Month: January 2007

  • SharedRoute

    I’ve often thought I might do something like this: SharedRoute.

    They do a shuttle bus between Seattle, Olympia, and Portland. The bus runs on biodiesel. $10-$30, depending on where you’re headed. It’s not much cheaper than Amtrak, and they pick you up and drop you off at the Amtrak stations along the way, so the real benefit is that you can bring your pet (crated) or your bike without packing it up.

  • Climate Challenge

    Climate Challenge, a game where you set policy for the EU and try to reduce carbon emissions.

    See how well you do.

    My main gripe from a gameplay standpoint is that I met most of the goals and thought I was doing OK, but at the end of the game it told me I had caused the rise of extremist groups that would undo everything I accomplished. WTF? The other problem is that you can only do six things in a decade.

    Winning strategy: Develop nuclear power as early as you can and don’t do anything that’s cheap.

  • Van Update

    Today I checked the Vanagon’s fuel injectors. Two tests: Leak and spray pattern.

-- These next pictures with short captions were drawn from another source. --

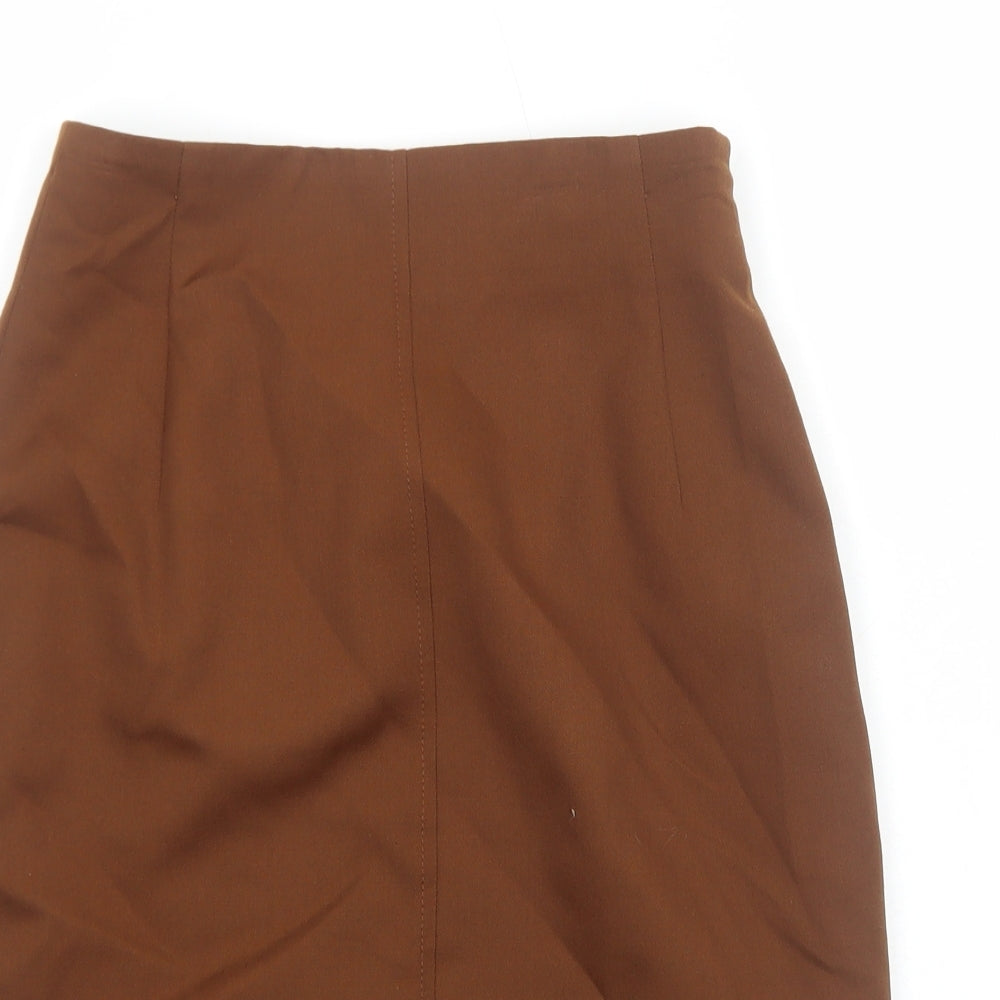 NEXT Womens Brown Polyester Straight & Pencil Skirt Size 10 Zip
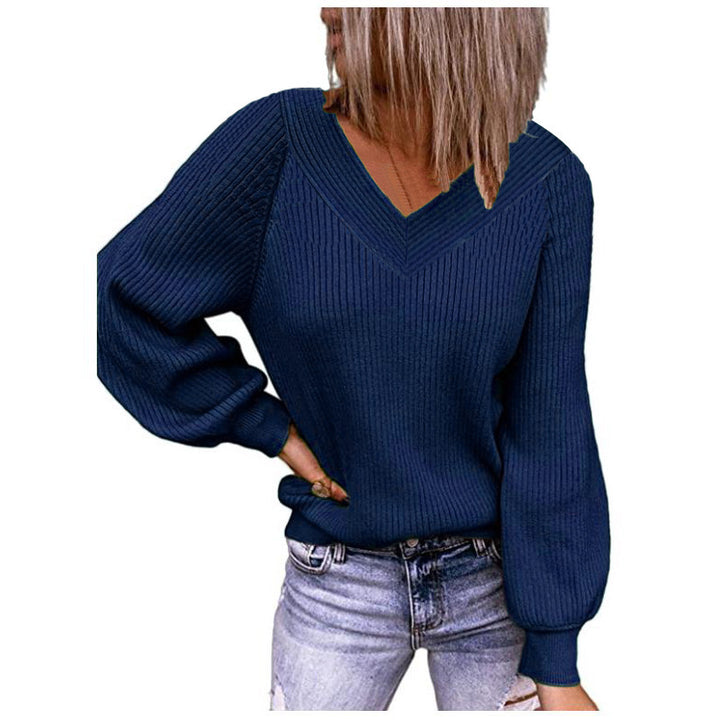 Knitted sweater for women with V-neck and puff sleeves Lune London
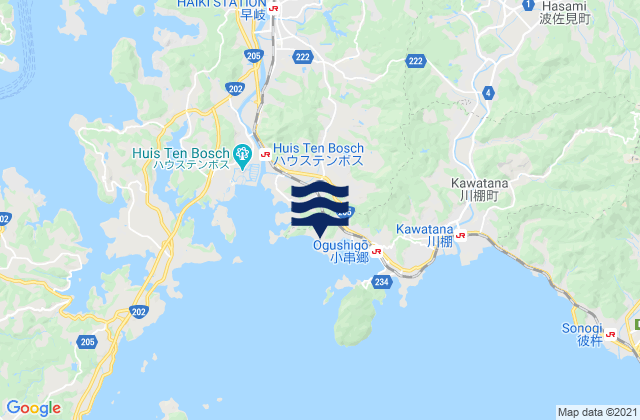Mappa delle maree di Kogushi Wan Omura Wan, Japan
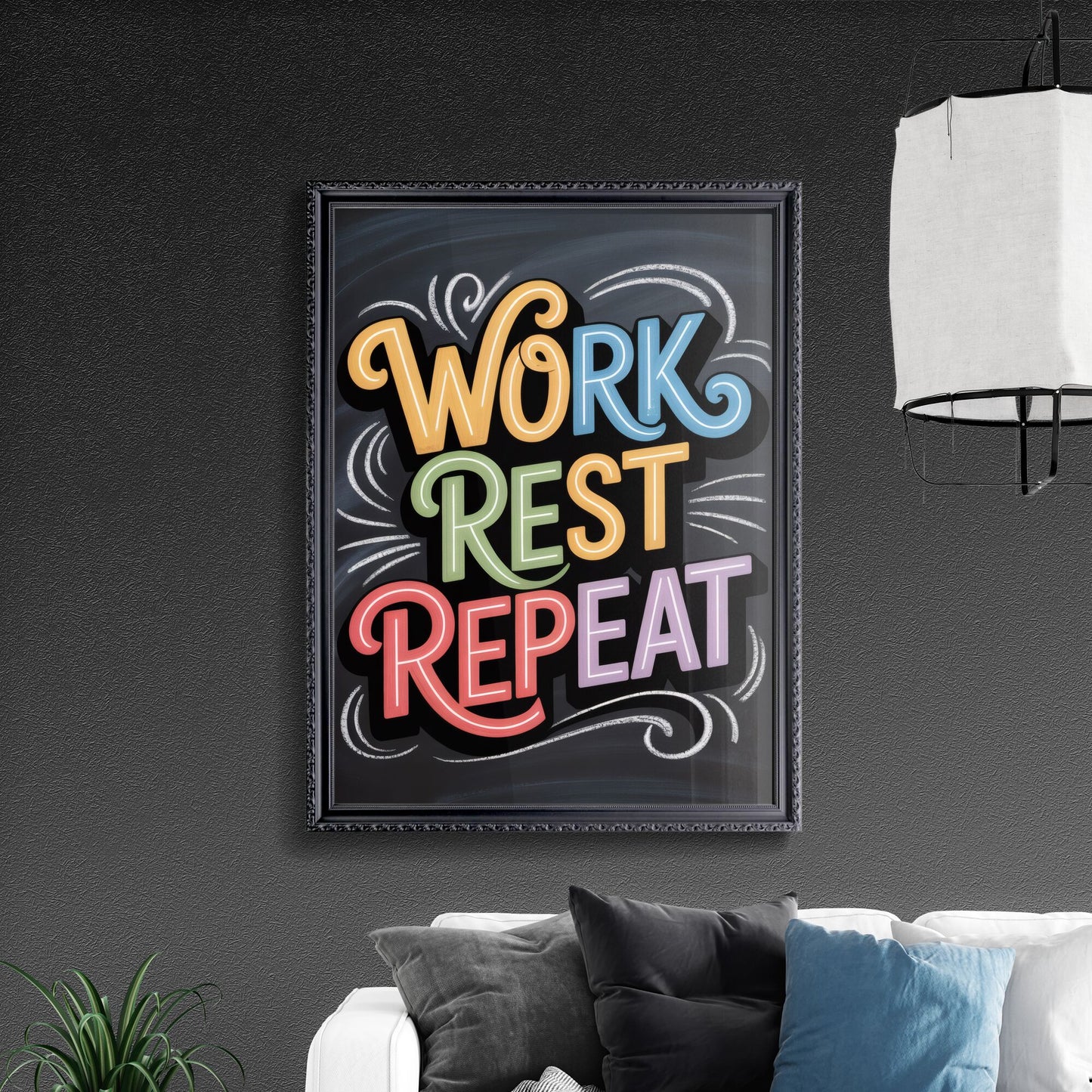 Creative Typography: 'Work Rest Repeat' Inspirational Quote on Chalkboard Background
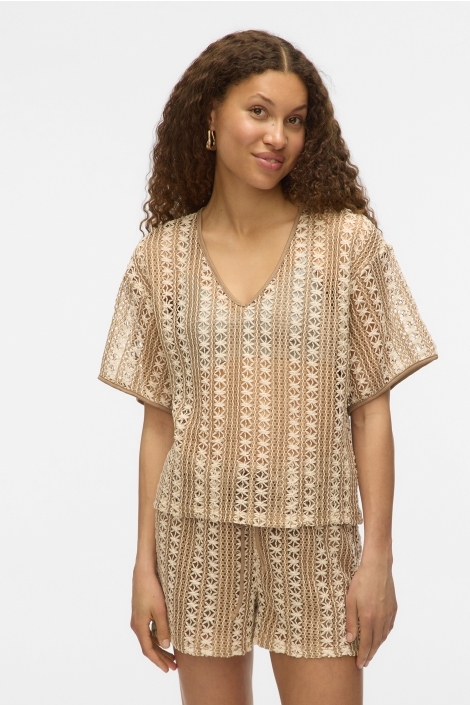 Vero Moda vmohio ss v-neck oversize top jrs g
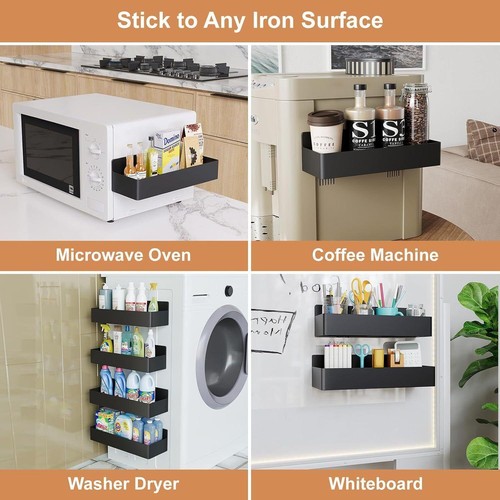 4 Pack Magnetic Spice Bottle Rack Organizer Storage Shelf for Refrigerator Oven - Picture 12 of 24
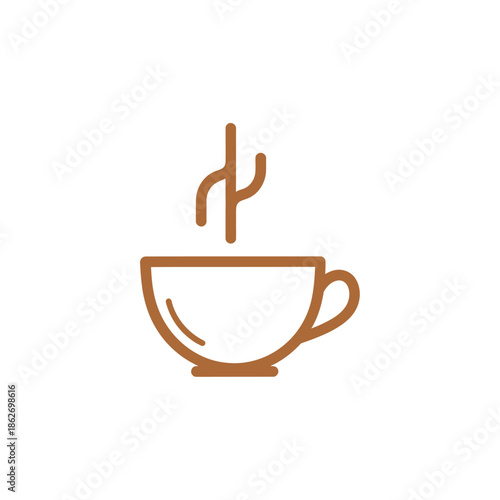 Minimalist Coffee Cup Icon with Steam, Warm Beverage Illustration.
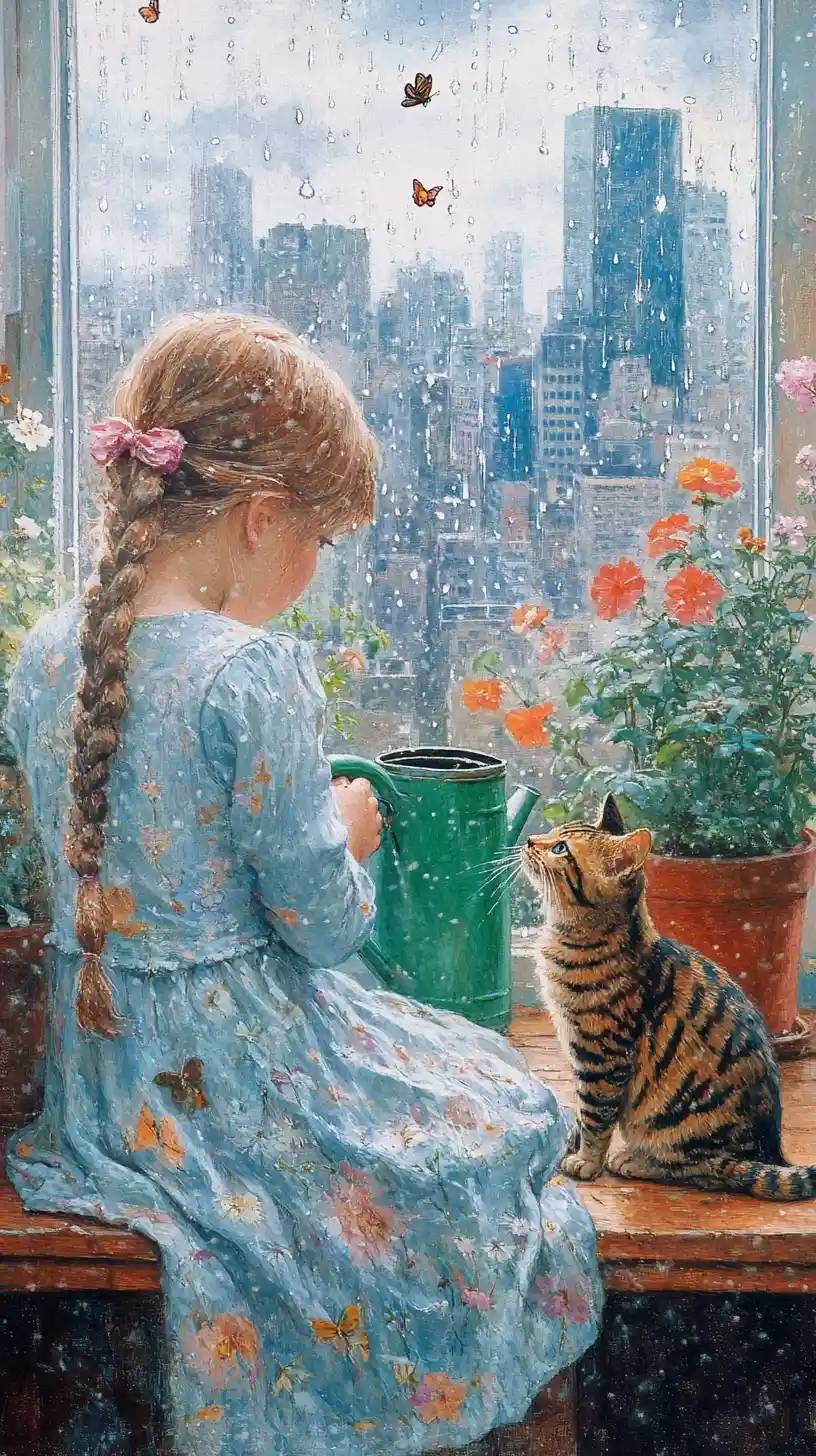 Fille arrosant des fleurs avec un chat curieux sur le rebord de la fenêtre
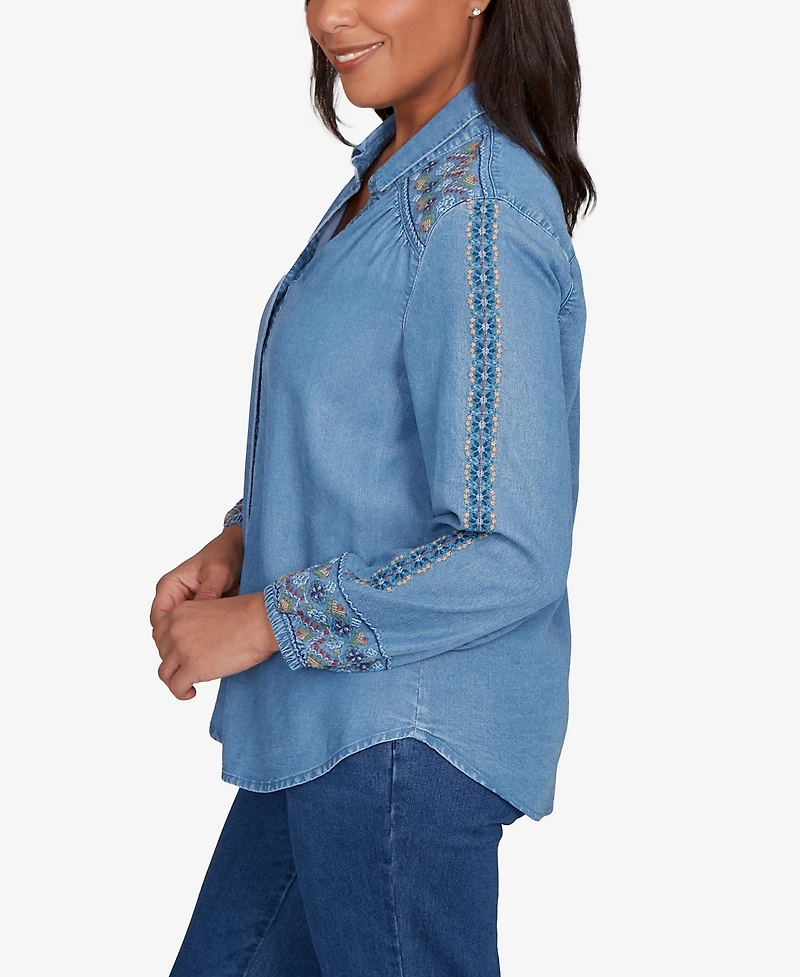 Alfred Dunner Sunset Canyon Needlepoint Embroidered Button Front Top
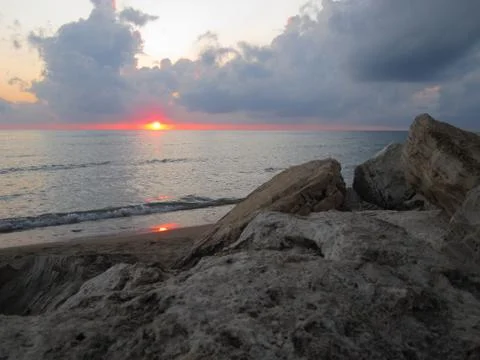 Double red sun Stock Photos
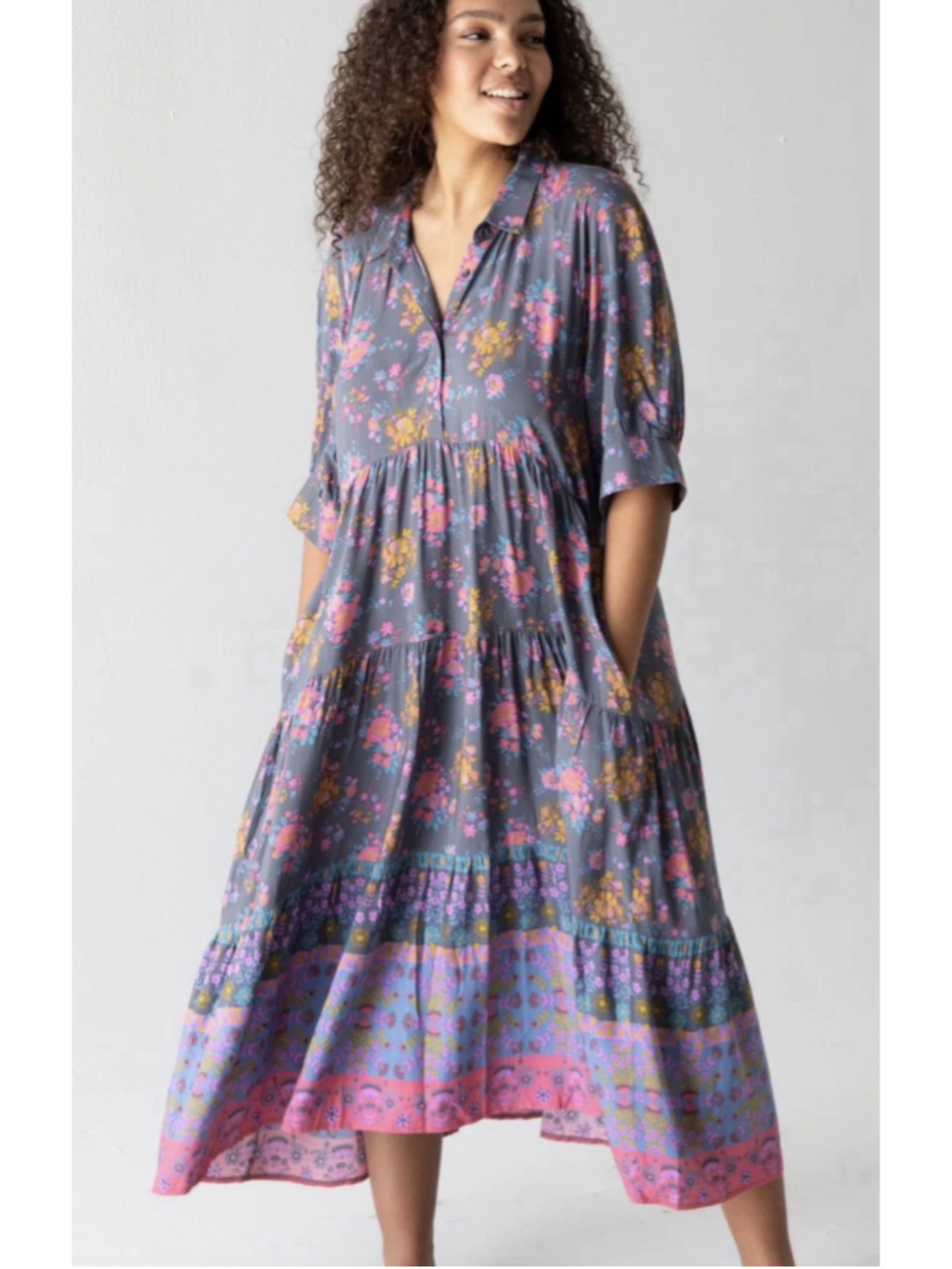 Natural Life Rebecca Floral Boho Midi Dress Sz L Peasant Cottagecore - Picture 14 of 15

    The leak test: Turn the ignition on without starting (to pressurize the system), and let the injectors leak onto a paper towel. Only they didn’t leak, at all. If I’d let it sit for an hour or something, it might have been different…

    The spray pattern test was less than conclusive because I was doing this alone. I unplugged the coil from the alternator and tried to start, letting the injectors (two at a time) spray onto another piece of dry paper towel. Decent round patterns resulted. Then I bent over with my cigarette…

    (Actually, I don’t smoke.)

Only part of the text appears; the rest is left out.